A Leauki's Writings

This is very interesting.

The former chief of the human rights council in Kurdistan has started a magazine that advocates a return of Iraqi Jews to Iraq. Iraqi Jews left Iraq in the 1930s and 1950s because Iraq allied with Nazi Germany at the time and then declared war on Israel. A majority of Jews from Arab countries in Israel are from Iraq. (And Jews from Arab countries form the majority of Jews in Israel.)

http://news.yahoo.com/s/afp/20090812/wl_mideast_afp/iraqkurdsisraelmediajudaism

The magazine, "Israel-Kurd", is the brainchild of Dawood Baghestani, the 62-year-old former chief of the autonomous northern region's human rights commission.

The glossy, full-colour monthly in Kurdish and English has a lofty mission: to help solve the intractable Israeli-Palestinian conflict by convincing more than 150,000 Kurdish Jews living in Israel to return to Iraqi Kurdistan, Baghestani told AFP.

"The biggest reason behind the complexity of the Palestinian problem is the unjust practices of Arab regimes against the Jews -- there are more than 1.5 million Jews originally from Arab countries in Israel," Baghestani said.

"If the Jews had not been subject to an exodus, the Palestinians wouldn't have been either," he said, referring to the flight of 700,000 Palestinians from the newly created Jewish state in 1948 during the first Arab-Israeli war.

Of course, the anti-Semites try to excuse their anti-Jewish position with Islam again:

"I'm suspicious. I don't see the point of this kind of publication," said Zana Rustayi, a representative of the Islamist Jamaa Islamiya party in the regional assembly.

"The Kurds are part of the Muslim nation, and Kurdistan is part of Iraq."

Note that these people always fail to explain exactly why the "Muslim nation" has anything to do with this. There is nothing in Islam that says that one must not live side-by-side with Jews. But for some reason Palestinian and Iraqi Arabs are convinced that one must not live with Jews.

However, the new Iraqi system works:

A Sunni member of parliament in Baghdad, Mithal Alusi, was suspended from parliament and threatened with charges last year after visiting Israel for a conference. The decision was later overturned by the constitutional court.

Iraqi politicians do visit Israel and their right to do so is protected.

Note that Kurdish relations with Jews and Israel have always been good:

Kurdistan does have a warmer history with the Jewish state, however. Many of the current crop of Kurdish leaders have visited Israel in past decades.

Jews lived in Kurdistan for centuries, working as traders, farmers and artisans.

And here is what western "anti-imperialist" "peace activists" don't want to hear: Arab imperialism is to blame.

But the creation of Israel and the rise of Arab nationalism in the mid-twentieth century dramatically altered the situation, spurring most of Kurdistan's Jews to leave.

And, finally, the often-forgotten explanation for Jewish "settlements":

"If every Arab country allowed the Jews to return, ensured their safety and gave them back their land, Palestinian refugees would be able to return to their territory because Israel would not need so much land."

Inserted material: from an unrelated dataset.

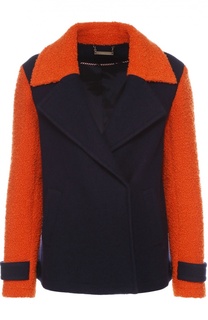 Укороченное пальто с широкими лацканами и контрастной отделкой Diane Von Furstenberg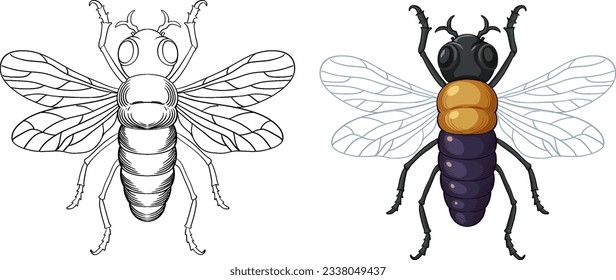 Bee Insect Outline for Colouring illustration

When Obama and other western leaders demand a stop to Jewish live in certain parts of the world, they so conveniently forget that the reason Jews live there is because they were already forbidden to live in other parts of the world.

Obama thinks he can move Jews around at the Arabs' will.

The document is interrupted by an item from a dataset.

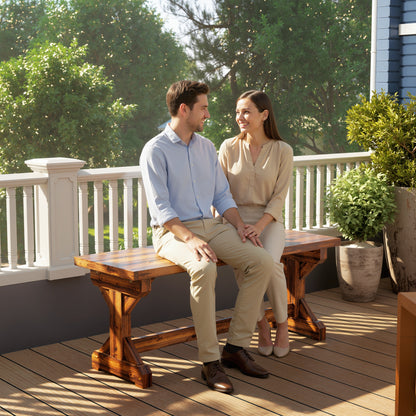 Wooden Garden Bench, Rustic Backless Outdoor Loveseat, Carbonised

Note that Morocco was the first Arab country to call on Jews to return. I believe that both the royal family of Morocco (and the non-Arab majority of Moroccans, the Berbers) and the Kurds are sincere in their attempts to restore normality.

But considering the attitude of refusing to live with Jews AT ALL because of "Muslim nation", how exactly does Obama think middle-eastern Jews should live if not in "settlements" in "Palestine"?

 


Comments
on Aug 12, 2009

Incidentally, THIS is a real peace activist with actual ideas.

He does not just point at the Jews and blame them.

The Kurds have suffered from Arab imperialism more than Israel has (because the Arabs actually won their wars against the Kurds) but less than the Africans.

on Aug 12, 2009

Always interesting to read your articles. I get alot more history and a more interesting perspective than anything that the news organizations produce these days.

Keep it up!

on Aug 13, 2009

Leinad0033
Always interesting to read your articles. I get alot more history and a more interesting perspective than anything that the news organizations produce these days.

Keep it up!

Thanks!

I always hope that I can reach readers like you.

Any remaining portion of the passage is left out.